Los watawinonas se turnan para estar despiertos: mientras tres diablillos duermen, el cuarto se queda despierto. No pueden hacer daño al chamán, le explicó Sonámbulo, pero mientras se les permite seguir allí, el Chamán no puede usar sus poderes para ayudar a los seres vivos que le piden ayuda.
Chamán reprimió un suspiro. Tal vez, si él hubiera crecido creyendo esas cosas, se habría sentido más tolerante. Pero durante la noche se había quedado despierto preguntándose qué estaría ocurriendo con sus pacientes. Y ahora quería concluir su trabajo allí y regresar a casa, con el tiempo suficiente para poder hacer noche en el entrante del río en el que habían acampado en el camino de ida.

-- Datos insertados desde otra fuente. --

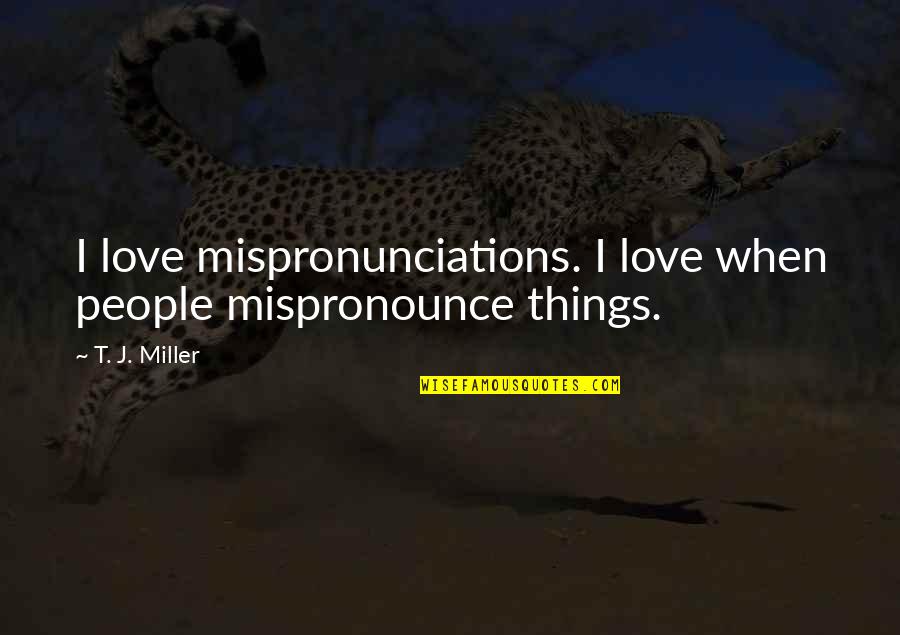 Mispronunciations Quotes By T. J. Miller: I love mispronunciations. I love when people mispronounce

—Para ahuyentar a los watawinonas —declaró Sonámbulo— tienes que encontrar el sitio en el que duermen y quemarlo.
—Si. Lo haré —dijo Chamán descaradamente, y Sonámbulo pareció aliviado.

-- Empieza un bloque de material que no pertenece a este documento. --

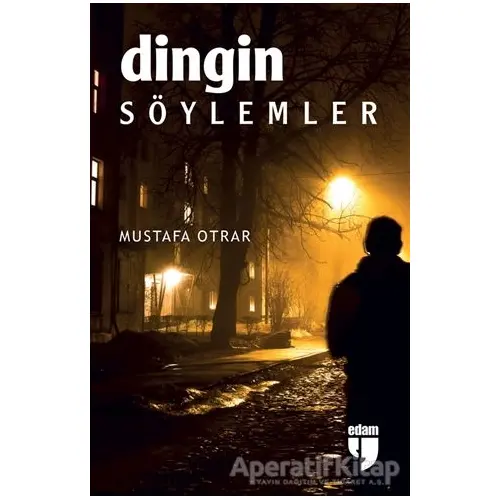 Dingin Söylemler - Mustafa Otrar - EDAM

Perro Pequeño se acercó y le preguntó si podía ocupar el sitio de Charlie Granjero cuando se reanudara la vacunación. Dijo que Keyser se había marchado de Tama la noche anterior, poco después de que se hubiera extinguido el fuego.
A Chamán le decepcionó que Keyser no se hubiera despedido, pero asintió y le dijo a Perro Pequeño que le encantaría contar con su ayuda.

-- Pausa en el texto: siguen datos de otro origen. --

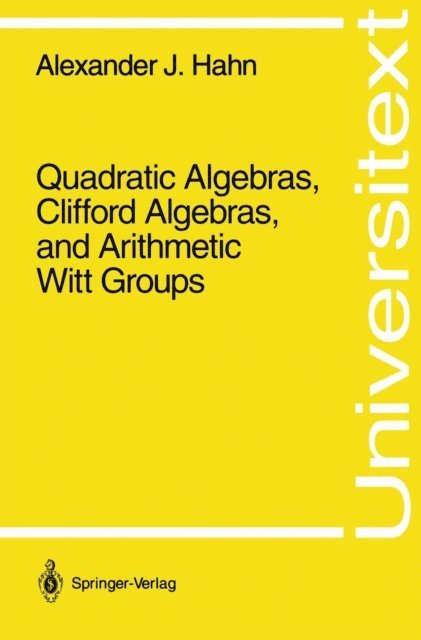 Alexander J. Hahn - Quadratic Algebras, Clifford Algebras, and Arithmetic Witt Groups, E-bok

Empezaron temprano a poner las vacunas que faltaban. Trabajaron un poco más rápidamente que el día anterior, porque Chamán había adquirido mucha práctica. Cuando estaban a punto de terminar, un par de caballos bayos entraron en el claro del poblado arrastrando un carro. Keyser llevaba las riendas, y en la parte de atrás del carro viajaban tres niños que observaban a los sauk y los mesquakie con gran interés.
—Si pudiera vacunarlos también a ellos se lo agradecería mucho —dijo Charlie, y Chamán le respondió que sería un placer.
Cuando toda la gente del pueblo y los tres niños estuvieron vacunados, Charlie ayudó a Chamán y a Rachel a recoger sus cosas.
—Algún día me gustaría llevar a mis hijos a ver la tumba de la chamán —dijo, y Chamán le respondió que los recibiría con sumo gusto.
Llevó muy poco tiempo cargar a Ulises. Recibieron un regalo del esposo de Ardilla Trepadora, Shemago —Lanza—, que apareció con tres enormes garrafas de las de whisky llenas de jarabe de arce, que les encantó. Las garrafas iban atadas con el mismo tipo de enredadera con la que Sonámbulo había hecho la serpiente. Cuando Chamán las ató al resto de las cosas que llevaba Ulises, parecía que Rachel y él iban camino de una grandiosa celebración.
Se despidió de Sonámbulo con un apretón de manos y le dijo que regresaría la primavera siguiente. Luego se despidieron de Charlie, de Tortuga Mordedora y de Perro Pequeño.
—Ahora eres Cawso wabeskiou —dijo Perro Pequeño.
Cawso wabeskiou, el Chamán blanco. Chamán se sintió complacido, porque sabía que Perro Pequeño no sólo estaba usando su apodo.
Muchos los saludaron con la mano, y lo mismo hicieron Rachel y Chamán mientras bajaban por el camino, bordeando el río hasta salir de Tama.